Monitorama is a fairly small conference, opting for a single speaker track instead of several talks in parallel. I found this to be a very comfortable and engaging format; the organizers did a great job of structuring the schedule so that the topics flowed organically, and even flowed into the hallway conversations. Also, because it was in Portland, a local coffee shop came and made pour-overs for everyone, so that was a nice alternative to traditional conference coffee 🙂
Naturally, the conference focused on monitoring, but I noticed two strong common themes:
I come from a networking background, and when it comes to monitoring, most products in this space have historically focused on up/down monitoring – i.e. is it up or down? These days, simple metrics like that are not sufficient, and more granular, programmatically accessible telemetry is needed. This is a situation that is slowly improving, but there’s still a lot of work to do.

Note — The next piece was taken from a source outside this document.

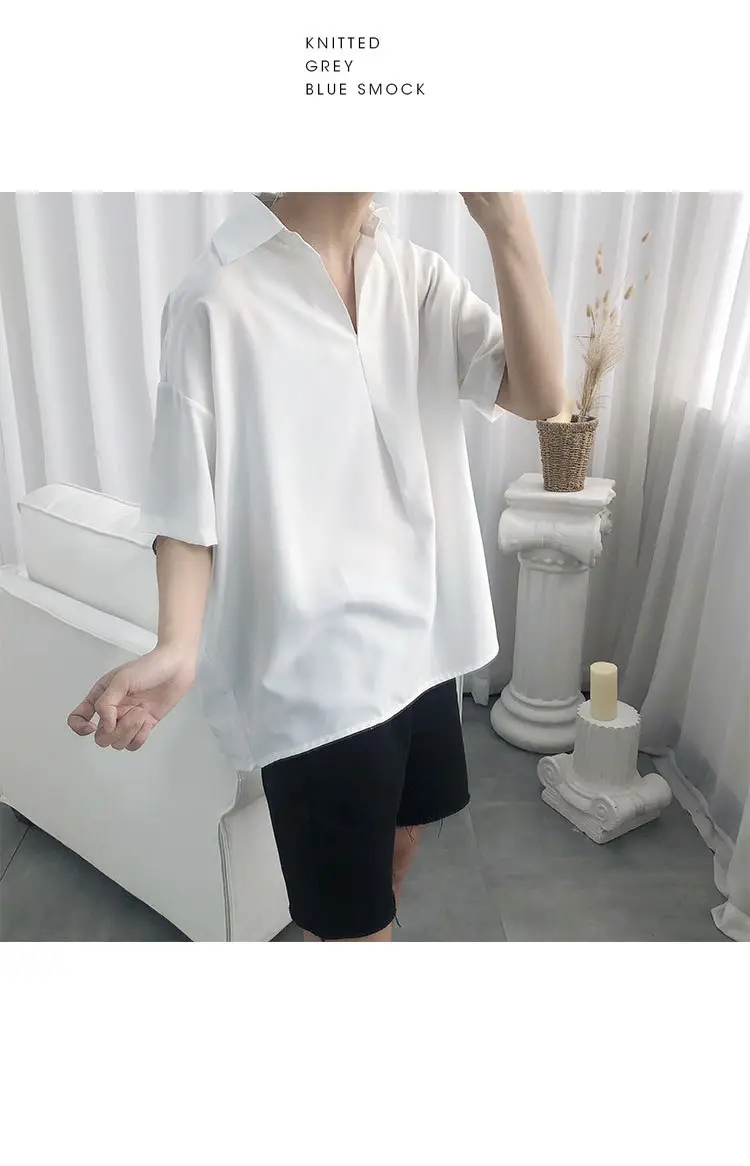 Men's Black Short Sleeve V-Neck Shirt with White Shorts — feature 11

We’ve all seen recently, all IT disciplines have – out of necessity – had to operate closer and closer to the applications. As a result, the line where “traditional monitoring” has operated is getting blurred with things like application performance monitoring. No longer can the network engineer or sysadmin focus solely on whether their switch or server is on – they have to be able to understand how applications interact with their infrastructure, and be able to show detailed performance metrics and other telemetry on how this is taking place.
John Rauser started the conference with a message from the future – okay, not really, his goal was simply to bring the world of data science into the monitoring toolchains in use today, in his talk “Finding Inspiration in the Data Science Toolchain”. In it, he illustrated several ways that ideas from the world of data science were having a big impact on monitoring techniques, and vice versa. For instance, some data scientists are finding usefulness in the idea of infrastructure-as-code – describing visualizations and calculations in code as opposed to a click-through GUI. In general, the idea of bringing the specialized skills of a few, and making it consumable for the masses, resonated with me greatly, and is definitely a big driver for what we do at StackStorm.

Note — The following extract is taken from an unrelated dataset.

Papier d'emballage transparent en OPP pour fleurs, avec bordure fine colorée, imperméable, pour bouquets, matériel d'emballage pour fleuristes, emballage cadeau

Ian Bennett (Twitter) gave a talk near the end of the last day on “Debugging Distributed Systems” that I found interesting. In it, he highlights the need for traditional sysadmin skills and more developer-oriented skills to coexist to fully troubleshoot a problem. One minute he’s talking about an optimal logging infrastructure, and the next minute he’s diving into troubleshooting application performance by looking at how the garbage collector in JVM is handling certain string concatenations.
In general, I enjoyed this fresh take on monitoring. There are a lot of interesting ideas and tools that are just starting to take shape in this space, and I came away from these talks inspired with new ideas for StackStorm sensors to write in order to connect this advanced logic with some sweet auto-remediation workflows.
Alice Goldfuss gave a lively talk about the need for change in the culture of operations and being on-call. This was a very useful look into the way operations are traditionally run, and their impact on human beings. She did a good job of mixing real talk about what’s wrong, what’s right, and some funny stories along the way. There were some good ideas presented here – one that impacted me greatly was the need to stop viewing pages as a metric of success. I had many discussions later this week about this topic, especially as it pertains to StackStorm, since the whole idea of auto-remediation is to never have to solve the same problem twice. When encountering an outage, troubleshoot it, fix it, then write a workflow that incorporates all that logic into “code” – a workflow that performs these same steps on your behalf next time. Bottom line: don’t take pride in the fact that you get paged – work to reduce the number of times a human needs to be engaged to solve a problem.
These ideas and more – such as the need for developers and operations to work more closely – really hit home for me, and I would recommend this talk for anyone, whether or not you consider operations your primarily role.
I was pleased to participate in a panel at the first meeting of the Portland chapter of the Auto-remediation meetup. This not only served as a great (and audience-interactive) discussion of automation and monitoring, but also a good recap of Monitorama 2017 (this took place the last day of the conference at a local brewpub). I highly recommend you watch the video, there were a lot of great audience questions (that we hopefully answered):
It was clear that Monitorama’s audience leaned heavily towards the “ops” side. This kind of mix is no stranger to me, as I’ve been going to these kind of conferences for a few years. However, unlike traditional IT conferences, where applications or developer types are despised (for the most part), Monitorama definitely took a more positive approach – opting instead to work better with developers; even borrowing tools and ideas from the world of software in order to work more efficiently. This was greatly comforting to me, since I’ve been advocating for this approach in the world of networking for a few years.
I am excited for next year’s Monitorama, and am hoping we’ll be back as a sponsor next year. There’s a LOT to talk about at the intersection point between monitoring and automation, and I feel strongly that StackStorm can provide a lot of value as monitoring makes this transition into the world of data science.